BEGIN Supplied material
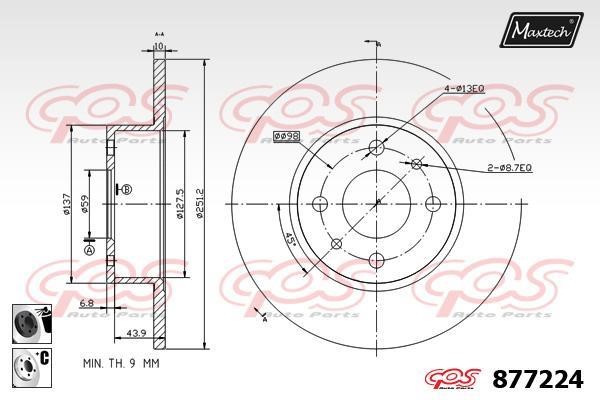 MaxTech 877224.6060 Rear brake disc, non-ventilated 8772246060: Buy near me in Poland at 2407.PL - Good price!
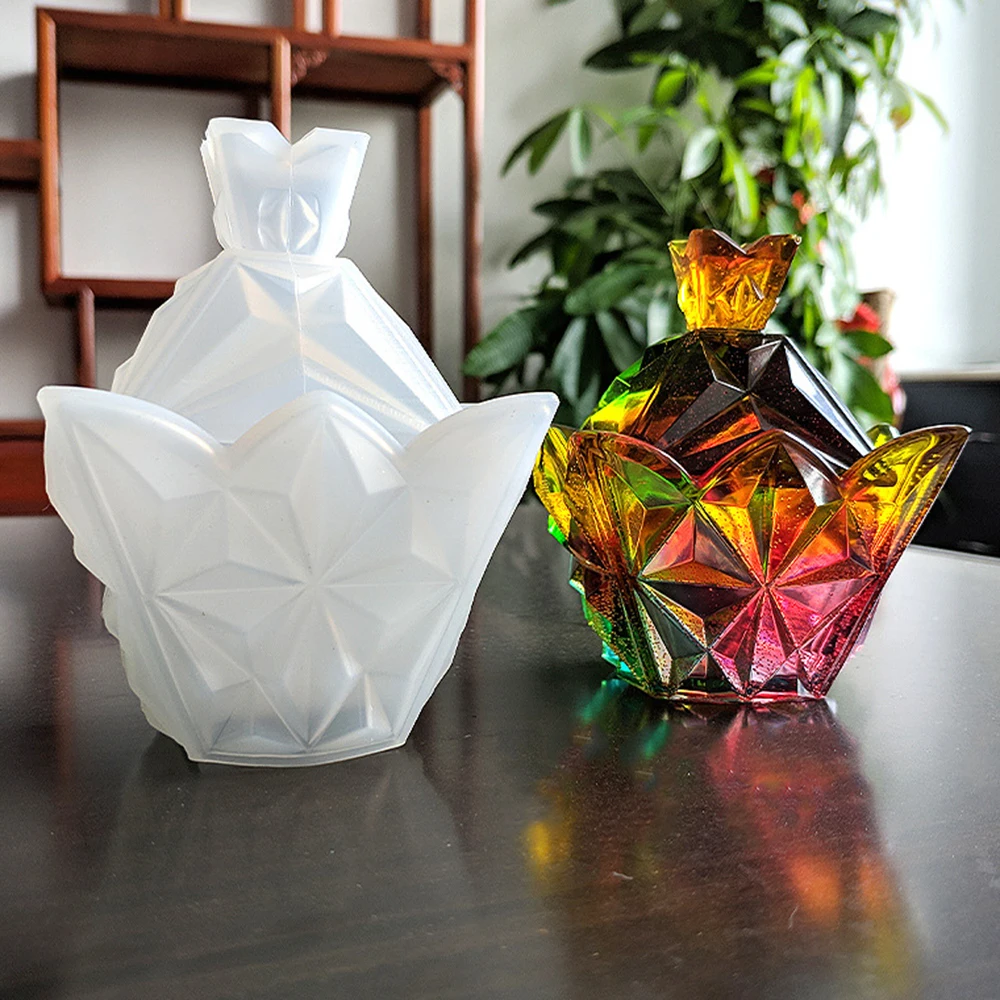 DIY эпоксидная Хрустальная пирамида коробка для хранения силиконовые формы дома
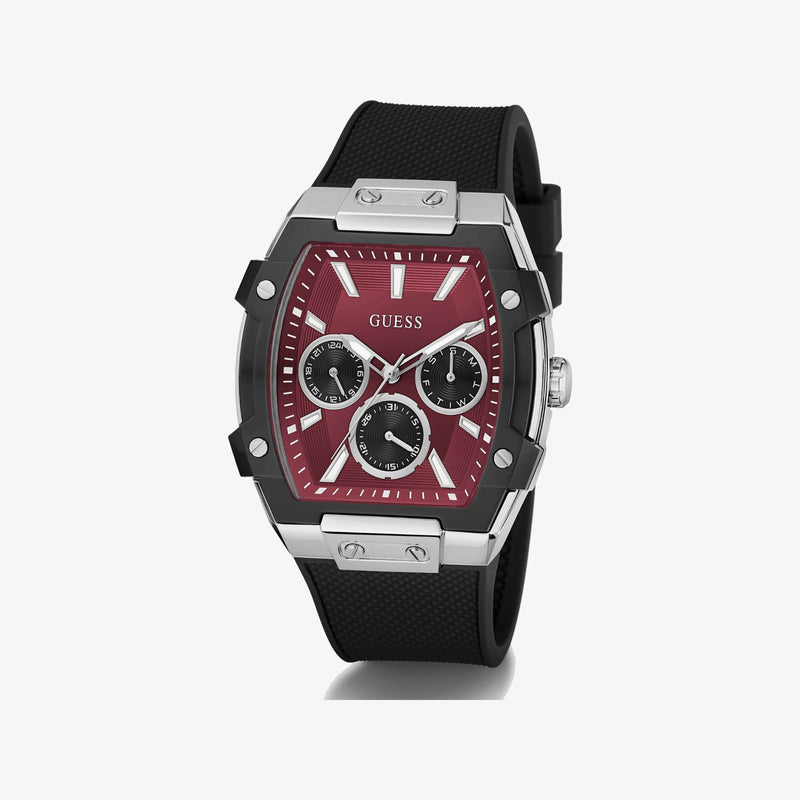 GUESS Men's Black and Silver Tone Phoenix Watch GW0956G1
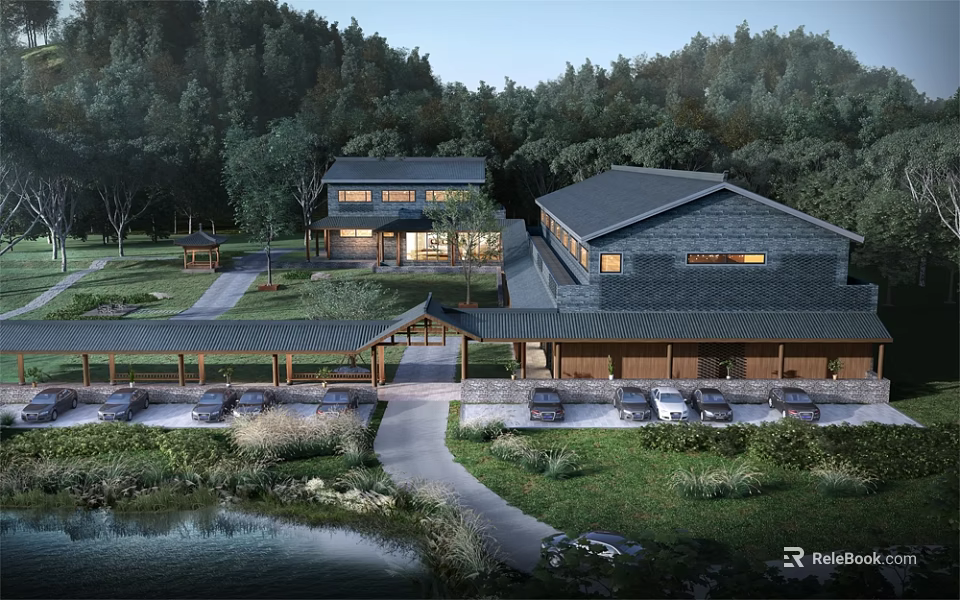 Chinese Ancient Architecture Featuring Overhanging Eaves And Wooden Structure In Natural Garden Setting 3d model 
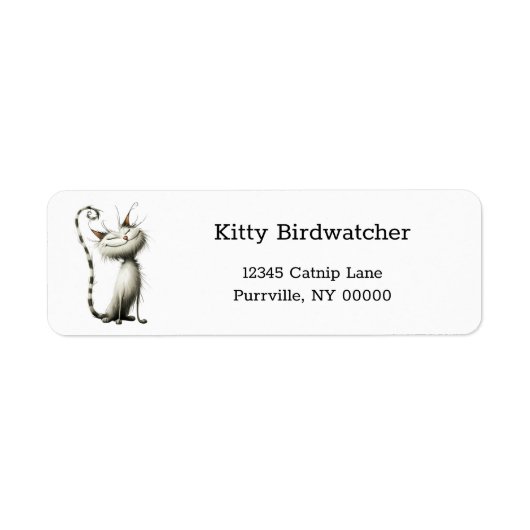 Whimsical White Cat Cartoon retouradres Etiket (Voorkant)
END Supplied material
Nothing but the text is wanted: repeat the data above exactly, without its images.

### Exercise solution
 MaxTech 877224.6060 Rear brake disc, non-ventilated 8772246060: Buy near me in Poland at 2407.PL - Good price!
 DIY эпоксидная Хрустальная пирамида коробка для хранения силиконовые формы дома
 GUESS Men's Black and Silver Tone Phoenix Watch GW0956G1
 Chinese Ancient Architecture Featuring Overhanging Eaves And Wooden Structure In Natural Garden Setting 3d model 
 Whimsical White Cat Cartoon retouradres Etiket (Voorkant)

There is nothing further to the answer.